:: GIVEN RECORDS ::

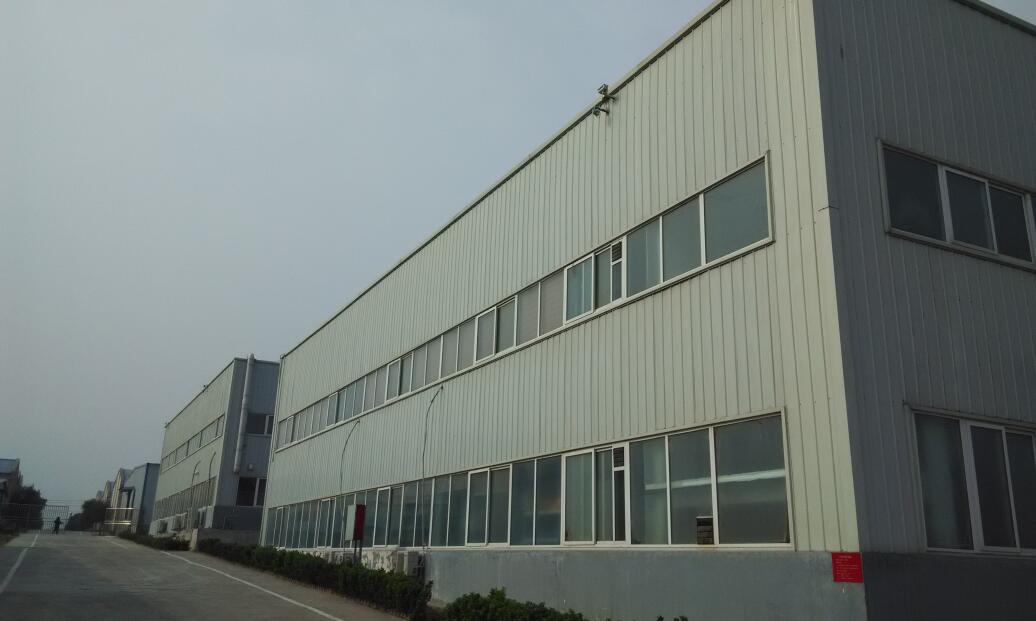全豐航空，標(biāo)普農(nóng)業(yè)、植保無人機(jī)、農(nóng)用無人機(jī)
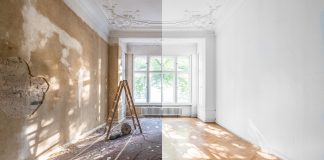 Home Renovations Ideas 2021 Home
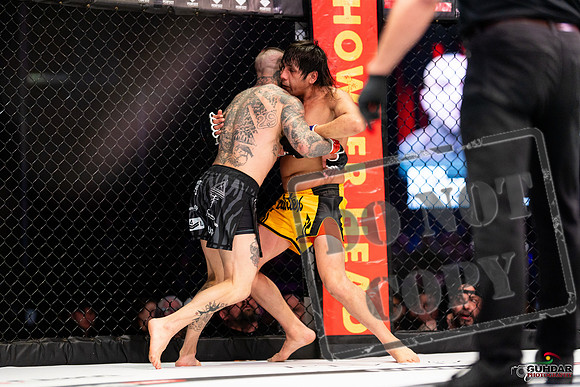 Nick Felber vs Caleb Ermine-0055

:::
:: GIVEN RECORDS ::

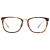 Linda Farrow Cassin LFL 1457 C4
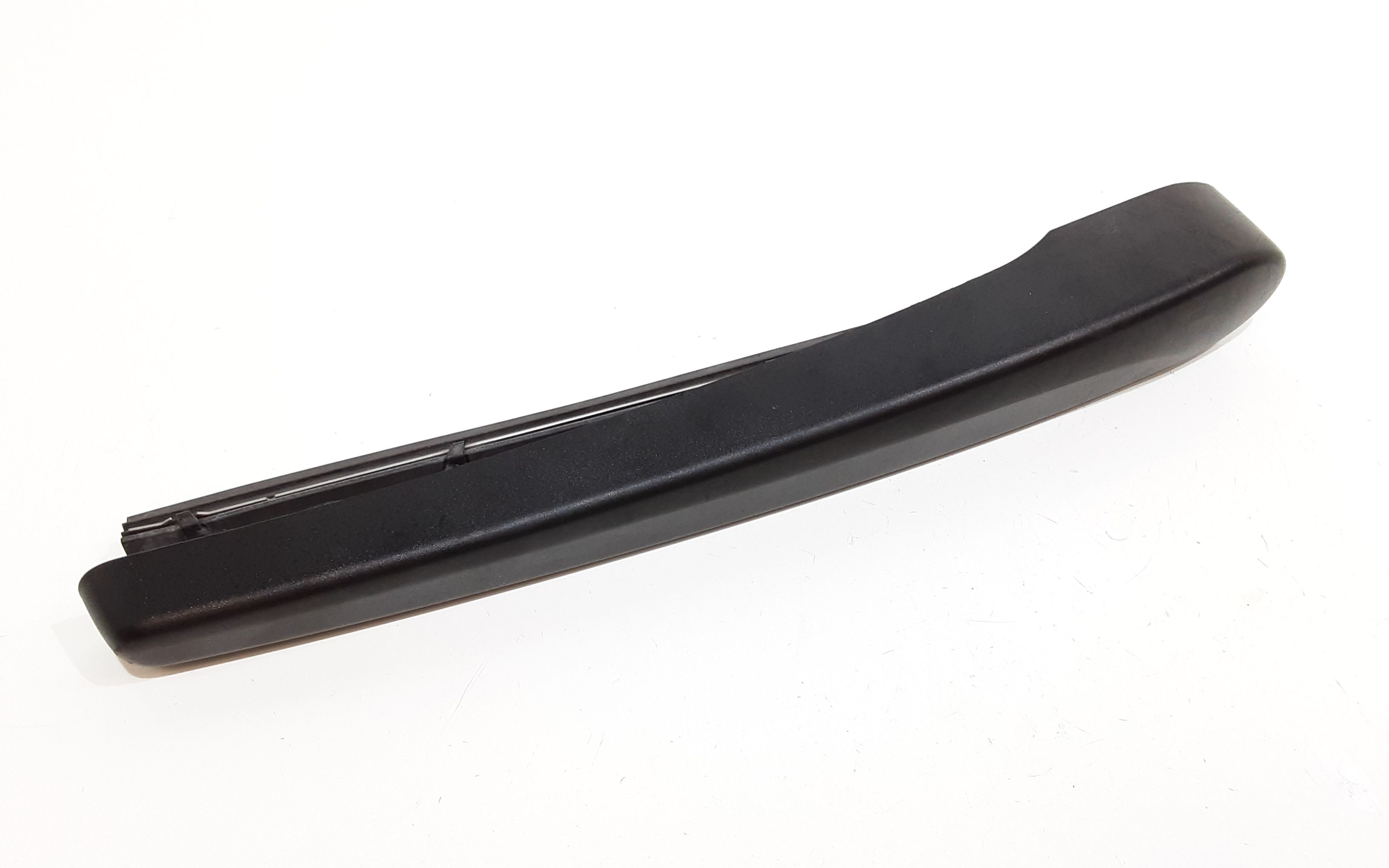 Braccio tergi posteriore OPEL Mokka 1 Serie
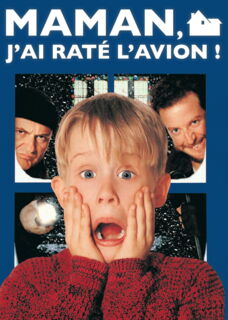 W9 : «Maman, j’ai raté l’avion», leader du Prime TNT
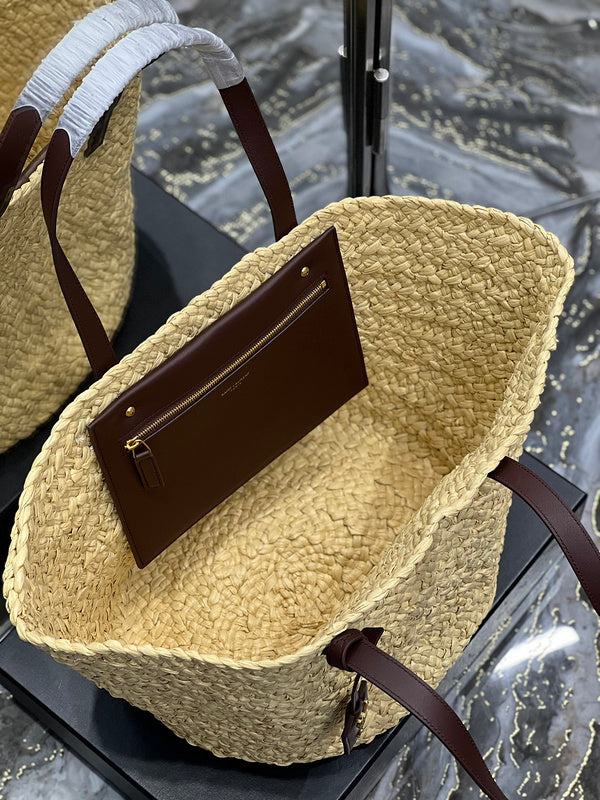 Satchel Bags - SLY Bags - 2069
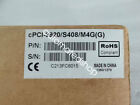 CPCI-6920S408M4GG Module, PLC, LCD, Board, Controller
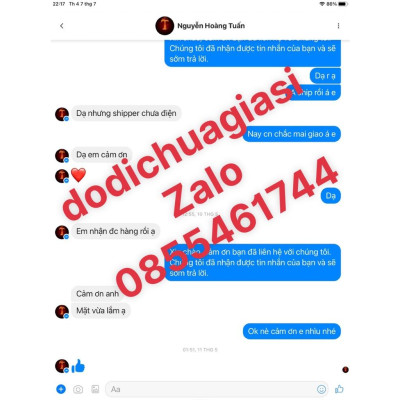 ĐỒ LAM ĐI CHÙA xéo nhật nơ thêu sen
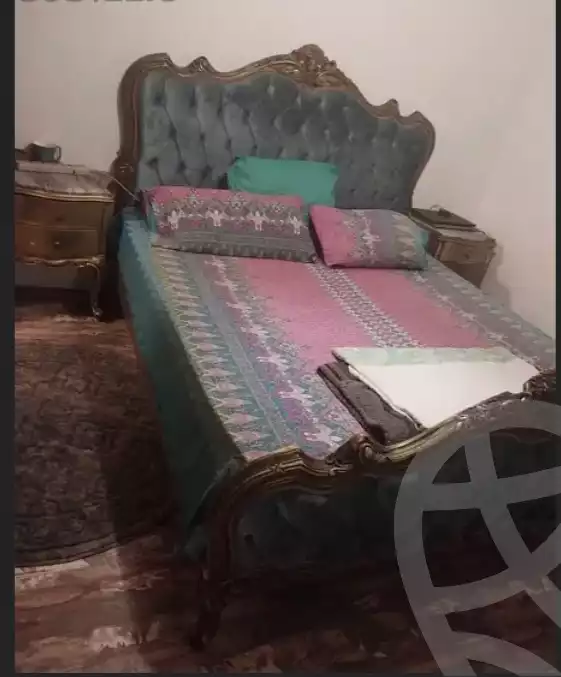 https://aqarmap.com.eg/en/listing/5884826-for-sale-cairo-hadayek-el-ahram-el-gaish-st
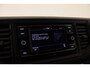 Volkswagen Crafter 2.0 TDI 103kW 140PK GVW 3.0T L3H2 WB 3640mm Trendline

:::

HOW TO COMPLETE THIS TASK:
Look above for the line containing "全豐航空，標(biāo)普農", then write out every line from there down to the line containing "Nick Felber vs Caleb Ermine-0055", that line included, with no pictures.

RESPONSE:
全豐航空，標(biāo)普農(nóng)業(yè)、植保無人機(jī)、農(nóng)用無人機(jī)
 Home Renovations Ideas 2021 Home
 Nick Felber vs Caleb Ermine-0055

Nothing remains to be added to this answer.